Hacker News new | ask | show | jobs
by dap 4950 days ago
Great post, showing admirable dedication to software reliability and a solid understanding of memory issues.

One of the suggestions was that the kernel could do more. Solaris-based systems (illumos, SmartOS, OmniOS, etc.) do detect both correctable and uncorrectable memory issues. Errors may still cause a process to crash, but they also raise faults to notify system administrators what's happened. You don't have to guess whether you experienced a DIMM failure. After such errors, the OS then removes faulty pages from service. Of course, none of this has any performance impact until an error occurs, and then the impact is pretty minimal.

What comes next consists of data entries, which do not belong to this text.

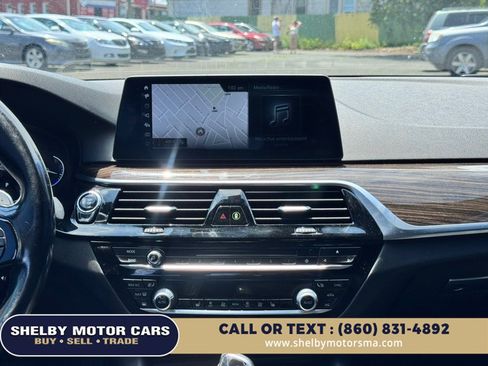 Used 2018 BMW 530i xDrive AWD/4WD image 17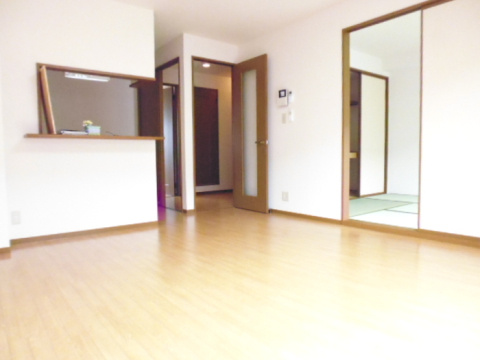 オリエントクレストのセキュリティ|TVモニターフォン付き☆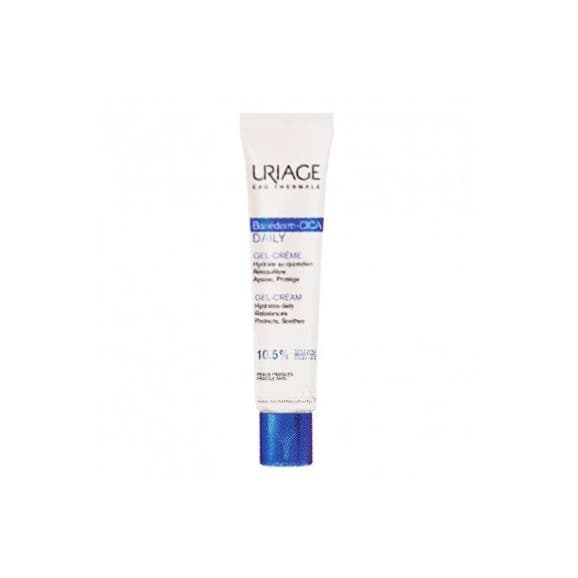 URIAGE BARIEDERM CICA DAILY GEL CR T/40ML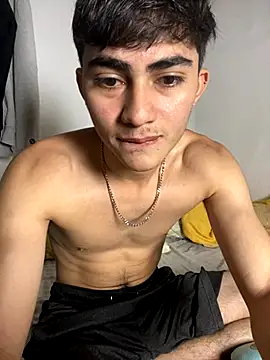 Myke hotxxx online show from October 19, 2025, 12:55 am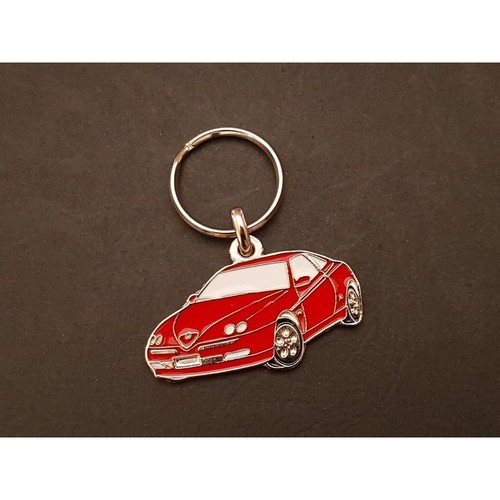 Portachiavi profilo alfa romeo - portachiavi,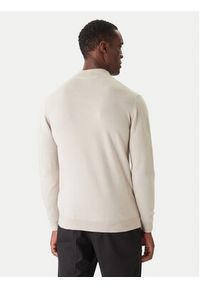 Karl Lagerfeld - KARL LAGERFELD Golf 655002 554399 Beżowy Slim Fit. Typ kołnierza: golf. Kolor: beżowy. Materiał: wełna #3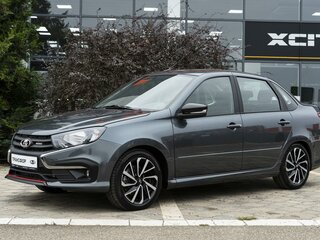 Lada (ВАЗ) Granta Sport I Рестайлинг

There's a fuller explanation here: https://blogs.oracle.com/relling/entry/analysis_of_memory_pa...

3 comments

I don't think enough people appreciate just how awesome of an OS Solaris was. I never had opportunity to deploy it full-scale for any projects, but I lamented the loss of great potential when it "died."
It didn't die. It was forked by the community when Oracle close-sourced it. The community fork (called illumos) is being actively developed by multiple companies, which have done significant new feature work (e.g., http://dtrace.org/blogs/wdp/2011/03/our-zfs-io-throttle/).
The first and only time I used Solaris, I tried to run our application and got the error "System out of colors" or some such. Swore then and there never to use it again if I could help it.
Linux kernels also do that memory thing (and have done it for years), just FYI. Either through MCE or EDAC. Not really that special.

Pro-tip: use ECC memory on servers. The end.

Thank you for the interesting link dap.
I take it you know about /var/log/mcelog ?